You might like to consider the pear tree that Janie lies under in Chapter Two and the image of nature it presents and how this seems to govern her quest for self-identity. Let us consider how this important part of Janie's life is described in this excellent book:
She was stretched on her back beneath the pear tree soaking in the alto chant of the visiting bees, the gold of the sun and the panting breath of the breeze when the inaudible voice of it all came to her. She saw a dust-bearing bee sink into the sanctum of a bloom; the thousand sister-calyxes arch to meet the love embrace and the ecstatic shiver of the tree from root to tiniest branch creaming in every blossom and frothing with delight. So this was a marriage!
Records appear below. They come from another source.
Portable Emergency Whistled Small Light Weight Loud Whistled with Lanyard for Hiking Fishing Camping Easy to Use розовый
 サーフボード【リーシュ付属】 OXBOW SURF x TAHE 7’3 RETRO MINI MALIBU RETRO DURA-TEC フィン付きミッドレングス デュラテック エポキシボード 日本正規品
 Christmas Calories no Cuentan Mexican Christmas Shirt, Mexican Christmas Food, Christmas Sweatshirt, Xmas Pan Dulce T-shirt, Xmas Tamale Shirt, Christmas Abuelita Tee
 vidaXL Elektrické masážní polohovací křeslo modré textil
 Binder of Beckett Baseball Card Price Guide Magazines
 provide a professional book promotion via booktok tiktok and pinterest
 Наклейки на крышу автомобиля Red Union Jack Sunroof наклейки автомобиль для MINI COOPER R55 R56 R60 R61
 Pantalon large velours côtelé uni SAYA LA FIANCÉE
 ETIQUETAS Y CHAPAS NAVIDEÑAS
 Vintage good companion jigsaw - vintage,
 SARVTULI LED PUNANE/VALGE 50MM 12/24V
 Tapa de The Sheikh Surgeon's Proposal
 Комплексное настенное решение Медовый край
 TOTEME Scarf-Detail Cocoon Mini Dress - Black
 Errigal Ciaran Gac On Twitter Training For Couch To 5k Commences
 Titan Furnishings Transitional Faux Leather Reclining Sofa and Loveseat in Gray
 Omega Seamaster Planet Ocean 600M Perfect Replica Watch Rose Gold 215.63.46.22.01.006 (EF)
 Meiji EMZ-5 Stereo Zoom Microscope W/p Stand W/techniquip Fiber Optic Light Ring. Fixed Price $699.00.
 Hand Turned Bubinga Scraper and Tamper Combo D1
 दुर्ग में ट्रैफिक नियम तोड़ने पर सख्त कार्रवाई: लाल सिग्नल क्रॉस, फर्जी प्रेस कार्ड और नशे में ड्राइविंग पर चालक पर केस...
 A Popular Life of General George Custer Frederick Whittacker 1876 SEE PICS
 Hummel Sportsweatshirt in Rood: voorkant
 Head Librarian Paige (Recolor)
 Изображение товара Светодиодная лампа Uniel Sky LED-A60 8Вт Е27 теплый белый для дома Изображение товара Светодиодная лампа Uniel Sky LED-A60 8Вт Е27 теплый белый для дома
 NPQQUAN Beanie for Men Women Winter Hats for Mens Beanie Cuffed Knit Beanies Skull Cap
She had been summoned to behold a revelation.
What she sees in the way that the bee unites itself with the blossom is a symbol of the unity and harmony present in nature, which is also very sexual in its being. In a sense, Janie, throughout the rest of this book, tries to achieve this ideal in her own life.
In the same way, the symbol of the horizon and the way that it represents the mystery of nature with which Janie yearns to connect, is something that occurs again and again throughout the pages of this novel. Note the way that at the end of the novel we are told that Janie pulls in "her horizon like a great fish-net." This clearly points towards the final consummation of Janie's desire to be connected with nature that has been expressed throughout the entire novel.